On Your Mark
- Sep 27, 2018
One of the projects I’ve enjoyed most this year is editing the new monthly roundup of energy-related news and trends for MHN’s sister publication, Commercial Property Executive. The multifamily sector comes up regularly, as it did this summer when I had the opportunity to interview the Institute of Real Estate Management’s Todd Feist about the organization’s comprehensive new study of benchmarking.
Drawing on responses from IREM members, the IREM Energy Efficiency Survey identifies the potential benefits of energy benchmarking for multifamily and all other real estate asset categories. It also brings what certainly looks like sobering news: Only about 48 percent of respondents from the residential realm report benchmarking properties.
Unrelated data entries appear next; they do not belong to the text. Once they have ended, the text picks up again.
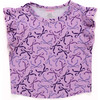 Girls Hi-Shine Ruffle Crop Top, Purple Bows - Tank Tops - 1 - thumbnail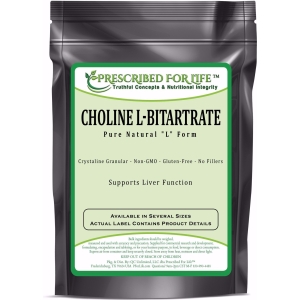 Choline L-Bitartrate - 100% Pure Natural L Form Powder, 12 oz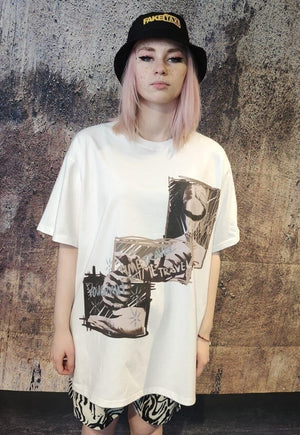 Bondage print tee BDSM Anime t-shirt vintage wash top white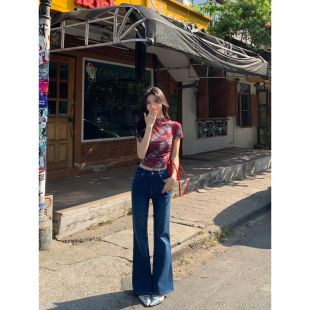 MULVAN 显腿直~蓝色牛仔裤女复古韩系弹力修身显瘦直筒裤微喇裤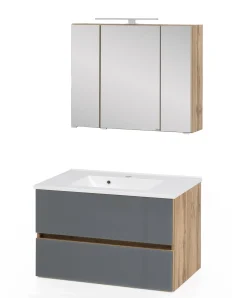 Helina 1 2-teiliger Badezimmerschrank - Eiche/Grau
By contrast, fully 73.4 percent of survey participants from the commercial side do so.
The discrepancy for other metrics is no less striking. Only half as many multifamily as commercial respondents conduct whole-property benchmarking (24 vs. 48 percent). And nearly 75 percent of commercial property owners and managers who benchmark their properties use the free Portfolio Manager tool offered by Energy Star; among multifamily benchmarkers, the tally is just 29 percent.
As is often the case with statistics, however, the numbers themselves don’t tell the whole story. “Another way to look at multifamily ‘lagging’ behind commercial is that multifamily is just getting started,” Feist told me. Portfolio Manager for commercial properties has been around much longer than its multifamily counterpart, he noted. And multifamily benchmarking does seem to be making headway. From 2016 to 2017, the number of multifamily respondents who benchmark increased 4 percent.
Individual metering turns out to be something of a mixed blessing when it comes to benchmarking. Residents have a strong financial incentive to conserve energy, but they get most of the financial benefits, as well. Without comprehensive information about energy consumption, operators are limited in their ability to evaluate the energy performance of their communities and identify opportunities for improvement.
Better access to utility data on whole-building performance would go a long way toward promoting benchmarking. Forward-thinking owners and property managers are already demonstrating the will to make their communities use energy more effectively. Now they just need the necessary tools.